Millian Poquet - Simulation approach for resource management

Organized by: 
Millian Poquet
Millian Poquet


- Reviewers:
    - Henri Casanova — University of Hawai‘i at Mānoa, États-Unis
    - Georges Da Costa — IRIT (Toulouse), France
- Examiners:
    - Yves Denneulin — Grenoble INP, France
    - Frédéric Desprez — Inria (Grenoble), France
    - Sascha Hunold — Technische Universität Wien, Autriche
    - Anne-Cécile Orgerie — IRISA (Rennes), France
- Guest:
    - Olivier Richard — Université Grenoble Alpes, France
- Supervisors:
    - Pierre-François Dutot — Université Grenoble Alpes, France
    - Denis Trystram — Grenoble INP, France


Computing platforms increasingly grow in power and complexity. Numerous challenges remain to build next generations of platforms, but exploiting the platforms is a challenge per se. Constraints such as energy consumption, data movements and resilience risk to initiate breaking points in the way that the platforms are managed — especially with the convergence of the different types of distributed platforms.

Resource and Jobs Management Systems (RJMSs) are critical middlewares that allow users to exploit the resources of such platforms. They must evolve to make the best use of the computing platforms while complying with these new constraints. Each evolution ideally require many iterations, but conducting them in vivo is not reasonable due to huge overhead. Simulation is an efficient way to tackle the subsequent problems, but particular caution must be taken when drawing results from simulation as using ill-suited models may lead to invalid results.

The first contribution of this dissertation is the proposition of a modular simulation methodology to study RJMSs and their evolution realistically — and the related simulator Batsim.

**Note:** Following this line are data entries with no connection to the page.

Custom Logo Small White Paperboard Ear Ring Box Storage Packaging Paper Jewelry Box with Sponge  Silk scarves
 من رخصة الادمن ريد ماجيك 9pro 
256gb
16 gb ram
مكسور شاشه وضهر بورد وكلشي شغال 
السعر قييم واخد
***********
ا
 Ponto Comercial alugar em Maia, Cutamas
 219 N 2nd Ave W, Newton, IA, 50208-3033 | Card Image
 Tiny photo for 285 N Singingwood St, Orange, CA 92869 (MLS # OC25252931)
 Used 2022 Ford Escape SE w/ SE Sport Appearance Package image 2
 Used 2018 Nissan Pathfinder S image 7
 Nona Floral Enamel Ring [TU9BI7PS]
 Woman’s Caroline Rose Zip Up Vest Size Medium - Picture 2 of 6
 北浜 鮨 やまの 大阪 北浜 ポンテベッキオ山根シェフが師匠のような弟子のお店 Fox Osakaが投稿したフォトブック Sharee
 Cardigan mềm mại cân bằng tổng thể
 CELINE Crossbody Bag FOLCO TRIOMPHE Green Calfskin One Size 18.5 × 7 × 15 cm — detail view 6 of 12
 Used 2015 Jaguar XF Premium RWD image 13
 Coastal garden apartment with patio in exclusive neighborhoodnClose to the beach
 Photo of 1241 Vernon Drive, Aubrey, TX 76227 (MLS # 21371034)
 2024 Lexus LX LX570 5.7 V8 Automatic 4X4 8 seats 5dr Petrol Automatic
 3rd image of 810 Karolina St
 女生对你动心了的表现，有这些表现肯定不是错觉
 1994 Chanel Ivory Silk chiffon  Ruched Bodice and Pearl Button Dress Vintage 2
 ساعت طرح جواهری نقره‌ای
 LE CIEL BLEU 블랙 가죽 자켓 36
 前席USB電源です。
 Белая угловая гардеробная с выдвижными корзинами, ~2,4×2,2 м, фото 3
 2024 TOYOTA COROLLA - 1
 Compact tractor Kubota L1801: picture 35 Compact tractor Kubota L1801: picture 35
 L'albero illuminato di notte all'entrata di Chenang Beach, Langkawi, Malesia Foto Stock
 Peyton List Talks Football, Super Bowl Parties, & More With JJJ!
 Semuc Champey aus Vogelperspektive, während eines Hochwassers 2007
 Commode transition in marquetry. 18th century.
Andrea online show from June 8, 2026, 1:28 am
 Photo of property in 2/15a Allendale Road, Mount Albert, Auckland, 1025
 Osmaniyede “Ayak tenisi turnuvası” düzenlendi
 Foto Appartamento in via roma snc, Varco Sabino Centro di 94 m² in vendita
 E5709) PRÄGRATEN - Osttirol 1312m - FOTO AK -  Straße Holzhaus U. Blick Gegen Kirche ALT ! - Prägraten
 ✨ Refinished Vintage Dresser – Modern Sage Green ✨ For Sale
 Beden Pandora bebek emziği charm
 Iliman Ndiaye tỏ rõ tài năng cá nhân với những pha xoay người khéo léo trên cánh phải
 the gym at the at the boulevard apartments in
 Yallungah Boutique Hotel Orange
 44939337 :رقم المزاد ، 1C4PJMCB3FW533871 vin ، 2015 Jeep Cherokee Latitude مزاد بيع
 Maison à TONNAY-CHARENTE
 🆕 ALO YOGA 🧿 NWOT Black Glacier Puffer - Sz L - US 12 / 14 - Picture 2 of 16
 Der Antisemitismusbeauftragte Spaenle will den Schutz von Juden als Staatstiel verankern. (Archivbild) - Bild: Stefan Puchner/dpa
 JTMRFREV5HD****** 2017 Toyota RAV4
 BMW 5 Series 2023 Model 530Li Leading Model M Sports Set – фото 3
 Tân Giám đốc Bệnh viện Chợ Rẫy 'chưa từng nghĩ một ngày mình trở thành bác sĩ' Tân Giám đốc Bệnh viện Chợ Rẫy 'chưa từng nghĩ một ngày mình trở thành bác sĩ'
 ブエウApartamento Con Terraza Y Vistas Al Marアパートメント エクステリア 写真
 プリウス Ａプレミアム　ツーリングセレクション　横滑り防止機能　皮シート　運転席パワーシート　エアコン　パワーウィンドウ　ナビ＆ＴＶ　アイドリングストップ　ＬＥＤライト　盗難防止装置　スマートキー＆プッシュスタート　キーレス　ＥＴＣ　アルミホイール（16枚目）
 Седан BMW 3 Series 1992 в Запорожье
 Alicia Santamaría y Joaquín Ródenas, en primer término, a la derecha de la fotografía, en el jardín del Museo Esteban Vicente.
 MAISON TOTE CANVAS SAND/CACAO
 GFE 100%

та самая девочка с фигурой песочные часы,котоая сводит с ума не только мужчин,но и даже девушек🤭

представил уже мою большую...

The main idea is to strongly separate the simulation from the decision-making algorithms. This allows separation of concerns as any algorithm can benefit from a validated simulation with multiple levels of realism (features, accuracy of the models). This methodology improves the production launch of new policies since both academic prototypes and production RJMSs can be studied in the same context.

Batsim is used in the second part of this dissertation, which focuses on online and non-clairvoyant resource management policies to save energy. Several algorithms are first proposed and analyzed to maximize performances under an energy budget for a given time period. This dissertation then explores more generally possible energy and performances trade-offs that can be obtained with node shutdown techniques.